Browne celebrates this diversity in Southern cooking by adding his own spin on tradition dishes. His chargrilled, softly set oysters are served with a garlicky, pecorino butter, smatterings of Cajun spice, and plenty of Crystal hot sauce—a Louisiana condiment staple the Decatur kitchen keeps a huge stash of.
"They're based off something that I ate at a backyard barbecue in the States," says Browne. "I remembered eating these oysters at a friend's and they were grilled with garlic and Parmesan butter. I just tweaked it with pecorino, added the other bits in, and it became a thing."
So much of a "thing" that the 150 oysters Decatur had in last Friday night were demolished in the first couple of hours of service.
Browne's knowledge of Southern cuisine stems from that most reliable of culinary methods: eating out a lot and trying to replicate his favourite dishes back in his own kitchen.
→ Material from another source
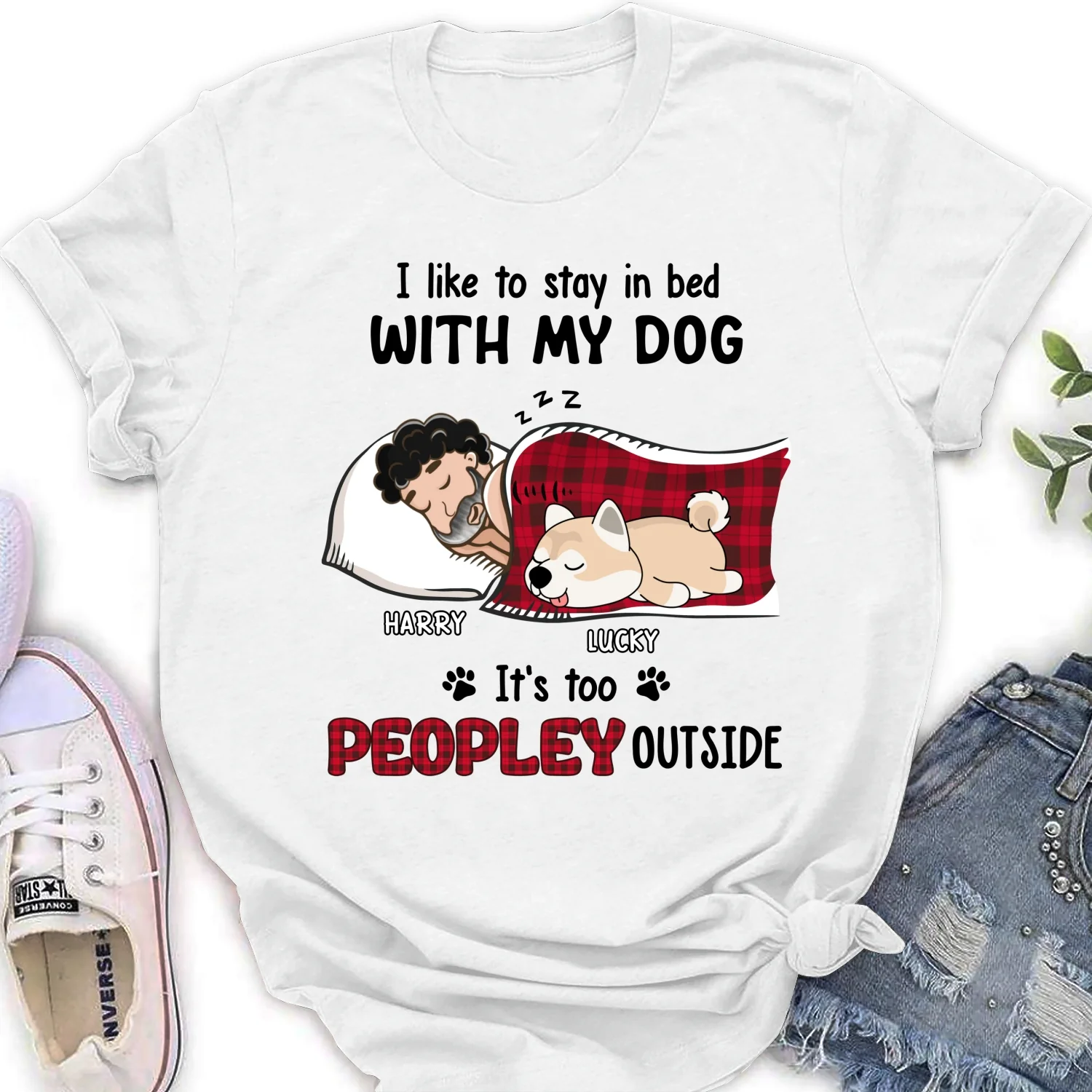 Like To Stay In Bed - Personalized Custom Women T-shirt - Image 6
From experimenting with the perfect roux for gumbo in the kitchen of his tiny New York apartment to poring over books by Cajun-Creole cooking king Paul Prudhomme and trawling the internet for Southern family recipes, he's clearly a Deep South food nerd.
Browne does admit however, that his experiments don't always go according to plan.
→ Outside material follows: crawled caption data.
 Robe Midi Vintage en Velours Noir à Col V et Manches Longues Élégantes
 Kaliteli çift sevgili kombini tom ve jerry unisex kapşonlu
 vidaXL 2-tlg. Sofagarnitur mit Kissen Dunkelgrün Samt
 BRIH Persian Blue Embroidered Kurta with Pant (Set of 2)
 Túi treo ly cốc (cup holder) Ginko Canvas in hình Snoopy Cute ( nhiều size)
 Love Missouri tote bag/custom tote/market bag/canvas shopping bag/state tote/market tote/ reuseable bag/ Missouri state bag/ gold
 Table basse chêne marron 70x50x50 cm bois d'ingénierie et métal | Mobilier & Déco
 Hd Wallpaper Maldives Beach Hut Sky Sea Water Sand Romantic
"The first time I tried [famed New Orleans bakery and coffee shop] Cafe du Monde beignets, I didn't know how the fuck they did it," he remembers. "I'd made doughnuts before, but these were so crispy on the outside and light in the middle. I ended up cornering a guy who worked there while he was on his cigarette break and grilled him. He insinuated what the recipe was so I went home and tried it."
But no matter how many Louisiana dishes Browne manages to master, he says his food is still met with skepticism by some "authentic" Southern chefs.
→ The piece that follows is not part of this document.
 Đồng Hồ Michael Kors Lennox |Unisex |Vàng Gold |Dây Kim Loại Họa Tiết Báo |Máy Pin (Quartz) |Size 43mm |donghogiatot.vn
"Once I've finished talking at people who question my credentials, they're usually convinced that I know a thing or two. Once they've tried the food, they're really into it," says Browne. "It's always like that if you're not of a culture that you're cooking. But I think that if you know the food, understand the flavours, and have spent time eating it and cooking it, you develop the palate."
There are parallels between Southern American food and traditional British cooking, too. The oysters Decatur use are from Maldon in Essex, and have more in common with Louisiana than you might think.
"The oysters we use are farmed on the Blackwater River, which is a mixture of salt and fresh water—a similar environment to that in Louisiana, where their shellfish are farmed so they both grow big and plump," explains Browne.
Crawfish—also known as crayfish—is a huge part of Southern cooking, and due to the introduction of American signal crayfish to British waters in the 1970s, there's now an abundance over here too.
"I want to do food that would stand up as a casual spot in New Orleans as much as in London," Browne concludes, as I mop up the last of the oyster's juice and take a final bite of radish smothered in beer cheese.
I just hope that he doesn't up sticks to the States again any time soon.